Grep a file pattern in another

flyfisherman · October 8, 2013, 12:57pm

Hi

I'm new to the forum, so I'd apologize for any error in the format of the post.

I'm trying to find a file content in another one using:

grep -w -f file1 file2

file1

GJA7
TSC

file 2

GJC1	GJA7
TSC1	TSC
TSC22D3	TSC-22R

so I expect the result to be:

GJC1	GJA7
TSC1	TSC

but instead it's:

GJC1	GJA7
TSC1	TSC
TSC22D3	TSC-22R

actually the problem is that it sees TSC-22R like two words, not one, and so matches the first part it with TSC.

Thanks

Akshay_Hegde · October 8, 2013, 1:57pm

Try

$ cat a
GJA7
TSC

$ cat b
GJC1    GJA7
TSC1    TSC
TSC22D3    TSC-22R

$ awk 'NR == FNR {_[$0]++; next} !($0 in _) && length($1)<5' a b
GJC1    GJA7
TSC1    TSC

Scrutinizer · October 8, 2013, 2:15pm

Try:

awk 'NR==FNR{A[$1]; next} {for(i=1; i<=NF; i++) if ($i in A) {print; next}}' file1 file2

Akshay_Hegde · October 8, 2013, 2:20pm

you missed 2nd file I think while posting:)

I think second if ($i in A) {print; next}} is not necessary

Scrutinizer do you have solution for this thread using grep I am interested

Scrutinizer · October 8, 2013, 3:05pm

That is right, thanks I corrected it in my post, thanks.
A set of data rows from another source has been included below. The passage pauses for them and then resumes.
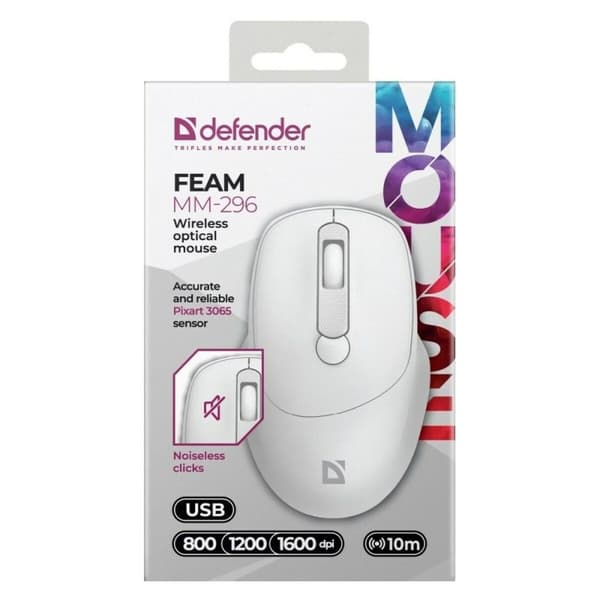 Trådløs mus Defender MM-296 RF Hvid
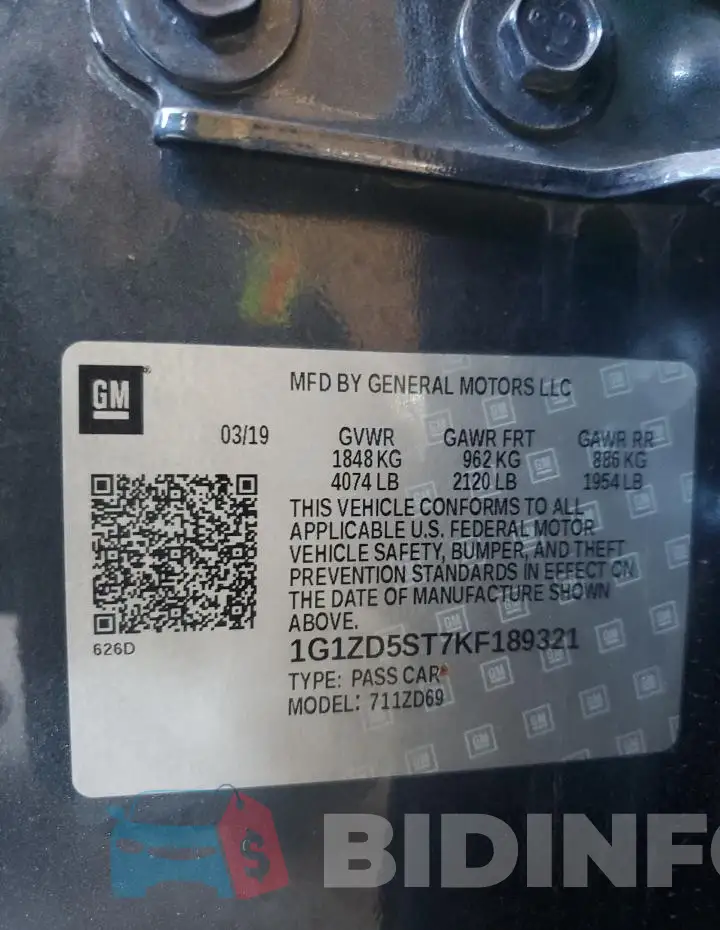 1G1ZD5ST7KF189321 Photo# 12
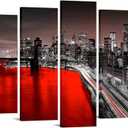 LevvArts Extra Large New York City Wall Art Canvas Brooklyn Bridge Night View Picture Print Black and Red City Painting for Home Office Living Room 70" W x 32" H Overall (Red) 7 PCs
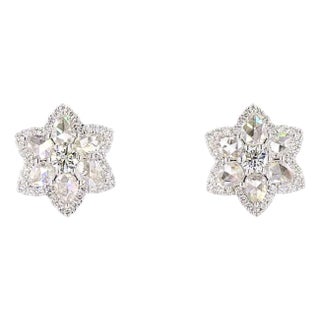 2.5 Carat Round Brilliant Cut Diamond Gold Earrings, Pair For Sale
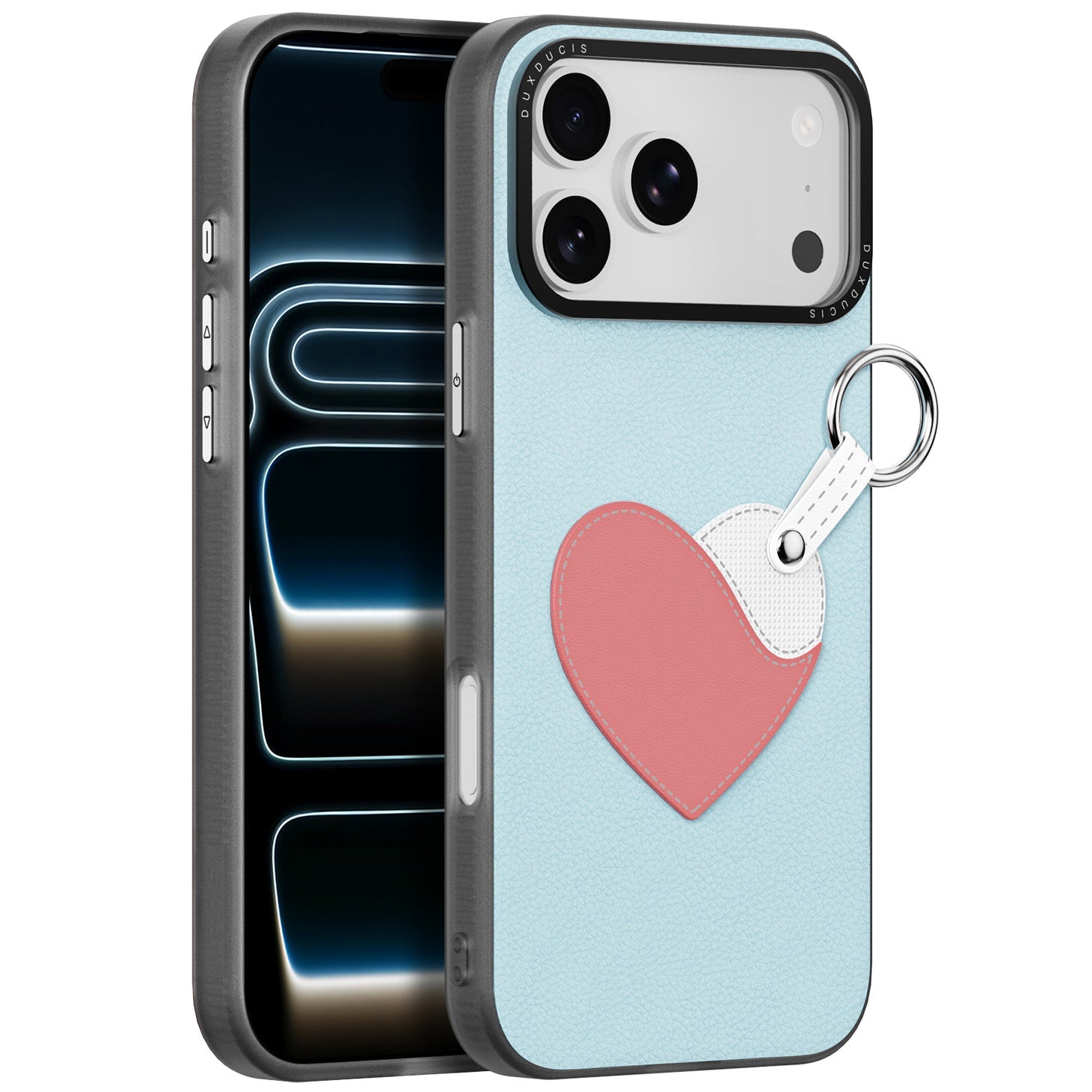 Handyhülle mit Trageband für iPhone 17 Pro Max, Dux Ducis Luvy, Blau mit Rosa Herz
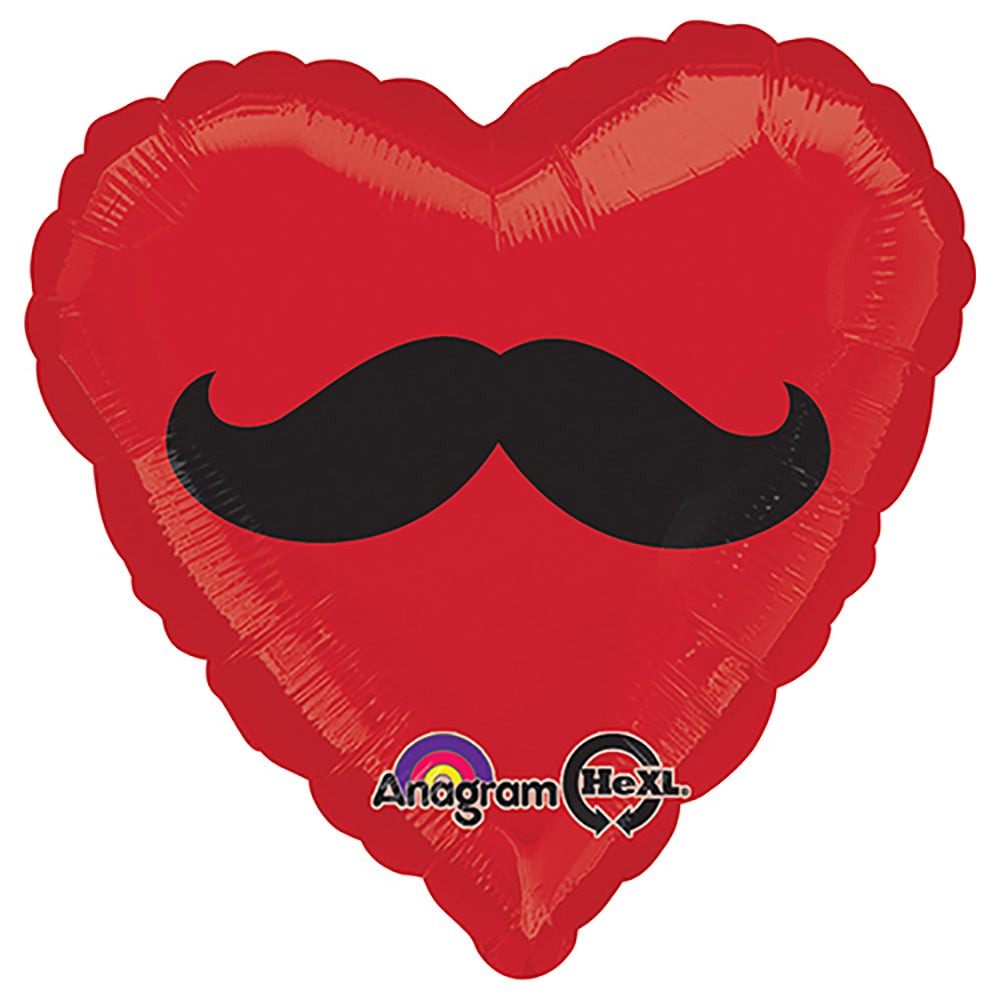 18 inch MUSTACHE HEART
The {print; next} is there, otherwise a line would get printed twice if there is a double match, for example..

Akshay_Hegde · October 8, 2013, 3:09pm

I was not aware about it...Thank you..so much Scrutinizer

Scrutinizer · October 8, 2013, 3:13pm

A grep solution might be (if your grep understands "-"):

sed 's/^/(^|[[:space:]])/; s/$/([[:space:]]|$)/' file1 | grep -Ef - file2

or (in bash / ksh93 )

grep -Ef <(sed 's/^/(^|[[:space:]])/; s/$/([[:space:]]|$)/' file1 ) file2

Akshay_Hegde · October 8, 2013, 3:23pm

It worked fine...Thanks a lot Scrutinizer

disedorgue · October 8, 2013, 4:26pm

Hi,
Another way with grep and xargs (as sed Scrutinizer solution):
1) xargs posix:

grep -Ef <(cat file1 | xargs -I {} printf "(^|[[:space:]]){}([[:space:]]|$)\n") file2

2) xargs gnu:

grep -Ef <(xargs -a file1 -I {} printf "(^|[[:space:]]){}([[:space:]]|$)\n") file2

Regards.

alister · October 8, 2013, 8:25pm

Every grep suggestion thus far in this thread (including the OP's) assumes that it is safe to evaluate file1 in a regular expression context. If file1 does not contain regular expressions (very likely), and if its literal text may contain regular expression metacharacters (possible), that assumption would be unjustified and could yield erroneous output.

The assumption may be valid (probably is), but given the miniscule data sample and lack of specifics in the OP, I thought it prudent to mention it.

Regards,
Alister

Scrutinizer · October 9, 2013, 12:31am

I agree, and with these grep suggestions there is then also sensitivity to spacing in file1 (one leading or trailing space somewhere in the file will influence the result, which may not be desirable) so generally I would prefer the awk approach.

flyfisherman · October 9, 2013, 11:33am

Thank you guys! You're just fantastic! It resolved my problem.
Best